■ RECORD SET:
# # # # #
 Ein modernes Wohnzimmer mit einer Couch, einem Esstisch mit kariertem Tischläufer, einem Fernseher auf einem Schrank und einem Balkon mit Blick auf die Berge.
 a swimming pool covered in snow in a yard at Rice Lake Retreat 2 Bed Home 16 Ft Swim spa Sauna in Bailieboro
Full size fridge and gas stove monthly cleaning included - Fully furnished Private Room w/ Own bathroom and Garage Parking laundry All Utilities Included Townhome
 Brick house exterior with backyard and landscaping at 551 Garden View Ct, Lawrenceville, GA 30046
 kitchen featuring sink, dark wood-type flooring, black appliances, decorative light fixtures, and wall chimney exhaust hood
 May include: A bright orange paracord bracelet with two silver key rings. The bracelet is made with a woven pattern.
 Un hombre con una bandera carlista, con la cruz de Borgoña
# # # # #
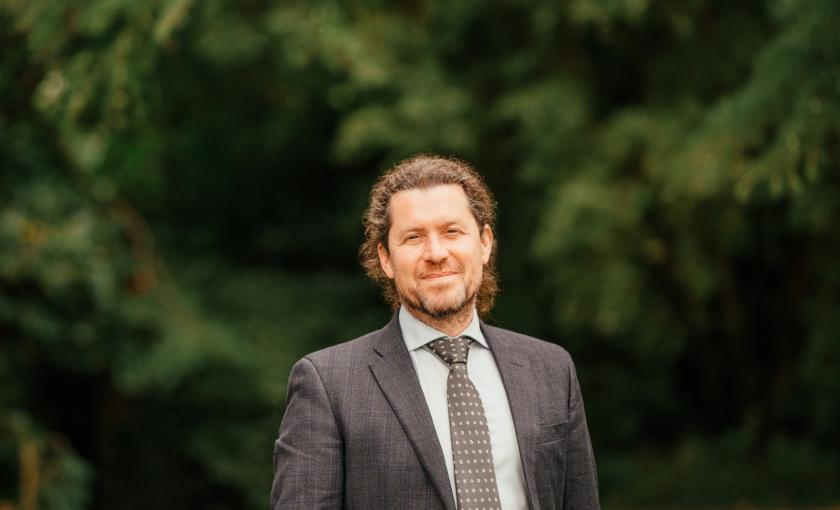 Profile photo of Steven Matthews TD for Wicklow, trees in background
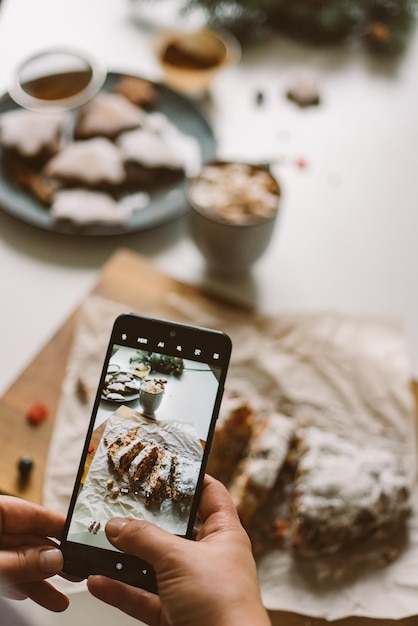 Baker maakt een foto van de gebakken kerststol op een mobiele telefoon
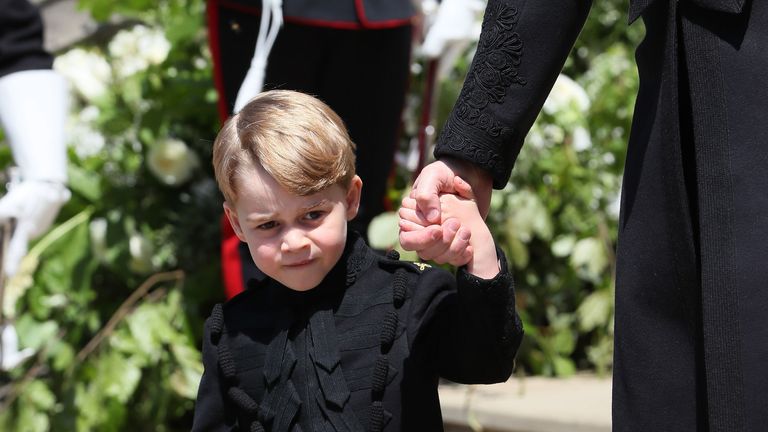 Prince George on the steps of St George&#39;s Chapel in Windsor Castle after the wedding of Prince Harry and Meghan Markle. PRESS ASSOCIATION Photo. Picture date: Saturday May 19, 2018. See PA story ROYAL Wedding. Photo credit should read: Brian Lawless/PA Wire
# # # # #
■ TO DO: In the listing above, find the line with "May include: A" and the line with "Un hombre con", then print exactly those lines and every line between them.

■ OUTPUT:
 May include: A bright orange paracord bracelet with two silver key rings. The bracelet is made with a woven pattern.
 Un hombre con una bandera carlista, con la cruz de Borgoña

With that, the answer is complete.